- Action item: Would you retype the lines from the one that holds "Damen Sporthose C&A, Größe" to the final line of the entries below, both ends included and exactly as written, but without pictures?

☆ ☆ ☆

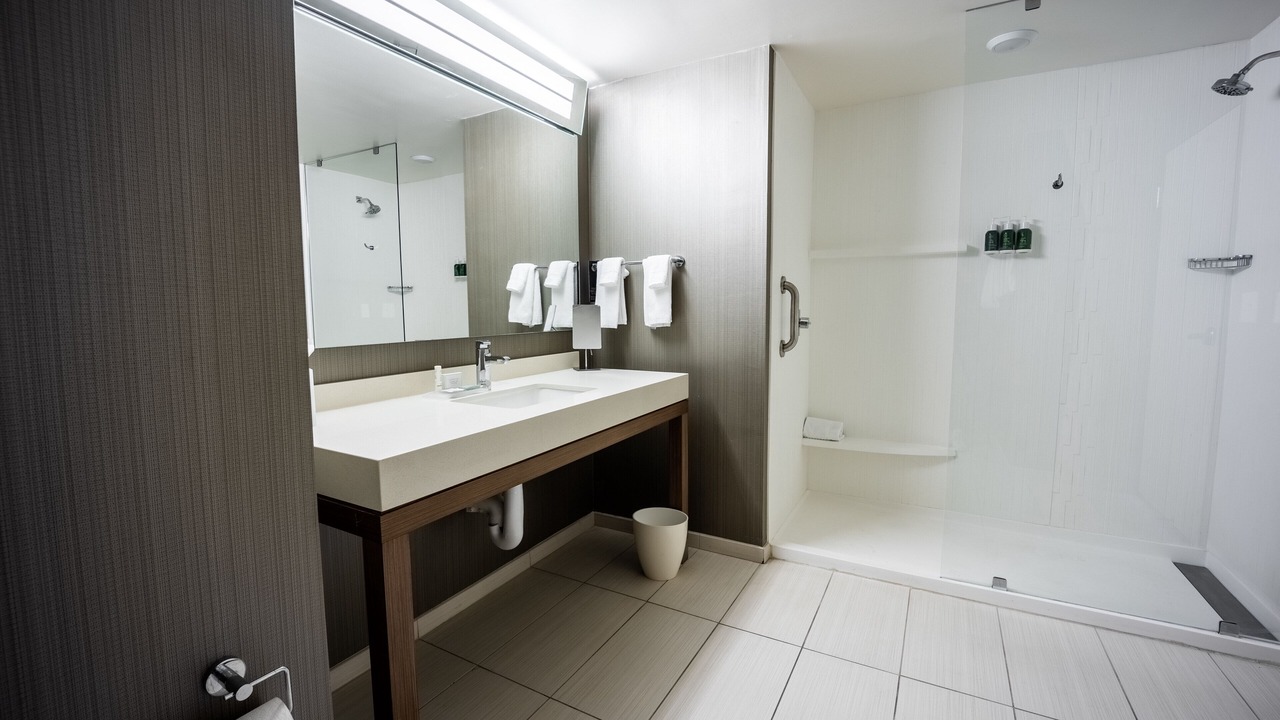 Photo of Others in Rome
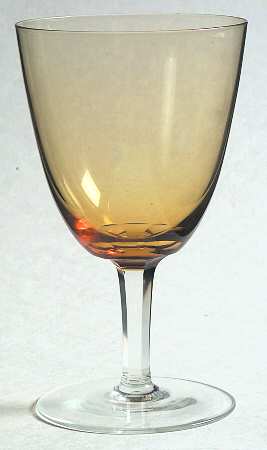 UNK1180 by Unknown Manufacturer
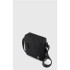 Bandoulière Champion Unisexe Petit sac à bandoulière noir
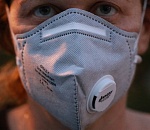 За сутки ещё у 71 астраханца обнаружен коронавирус 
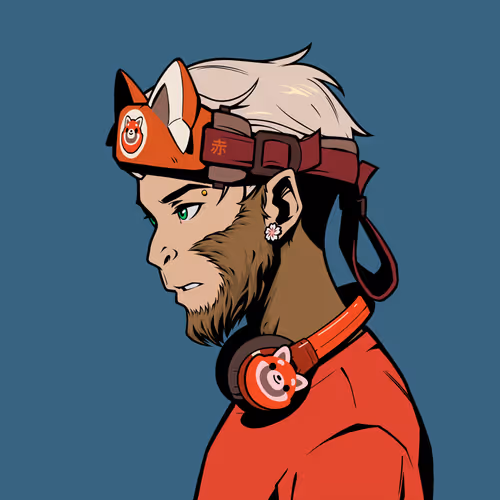 Mankizuki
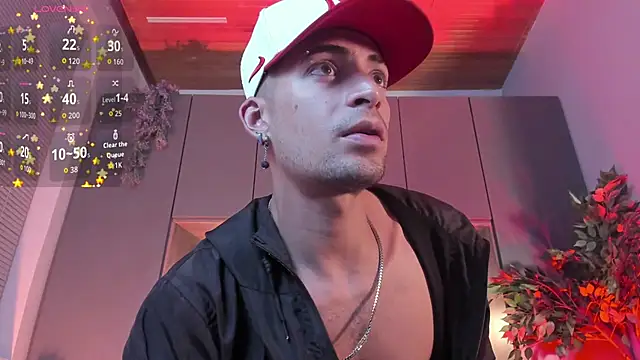 عرض كام DrakeNeumann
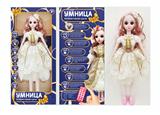 OBL922013 - DOLL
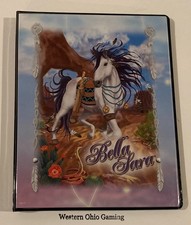 Portafoglio 4 tasche Ultra Pro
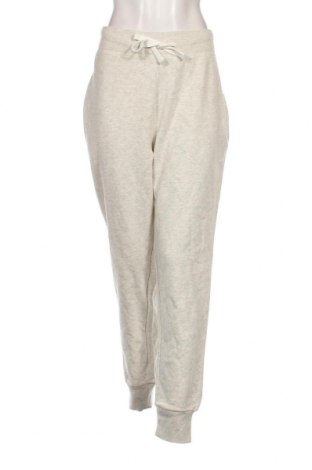 Damen Sporthose C&A, Größe XL, Farbe Grau, Preis 12,11 €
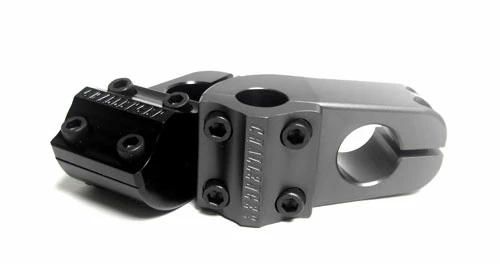 S&M Potence S&M Challenger 5 S&M Potence S&M Challenger – Image 5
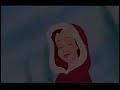 Belle [im a...]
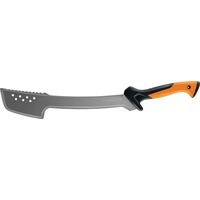 Fiskars Solid 1051236 Image #1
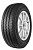 Шины HiFly All-Transit 205/65 R16C 107/105T в интернет-магазине Автоэксперт в Москве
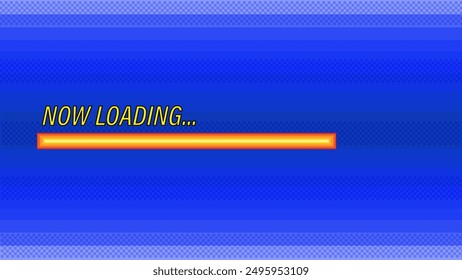 Laden Bar in Pixel Art Stil .pixel art .8 bit game.retro Spiel. für Spielelemente in Vektorgrafiken.	
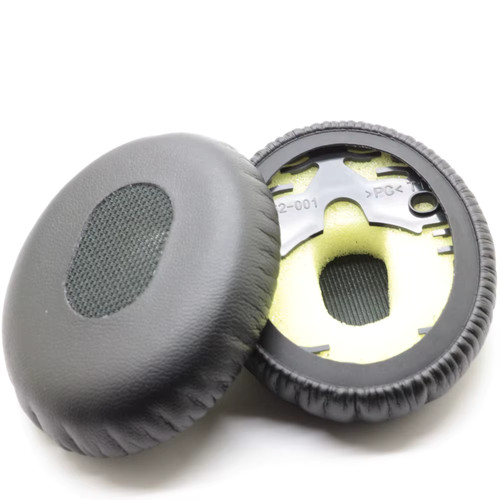 Replacement ear cushions - cushions, for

☆ ☆ ☆

- Written reply:
 Damen Sporthose C&A, Größe XL, Farbe Grau, Preis 12,11 €
 S&M Potence S&M Challenger 5 S&M Potence S&M Challenger – Image 5
 Belle [im a...]
 Fiskars Solid 1051236 Image #1
 Шины HiFly All-Transit 205/65 R16C 107/105T в интернет-магазине Автоэксперт в Москве
 Laden Bar in Pixel Art Stil .pixel art .8 bit game.retro Spiel. für Spielelemente in Vektorgrafiken.	
 Replacement ear cushions - cushions, for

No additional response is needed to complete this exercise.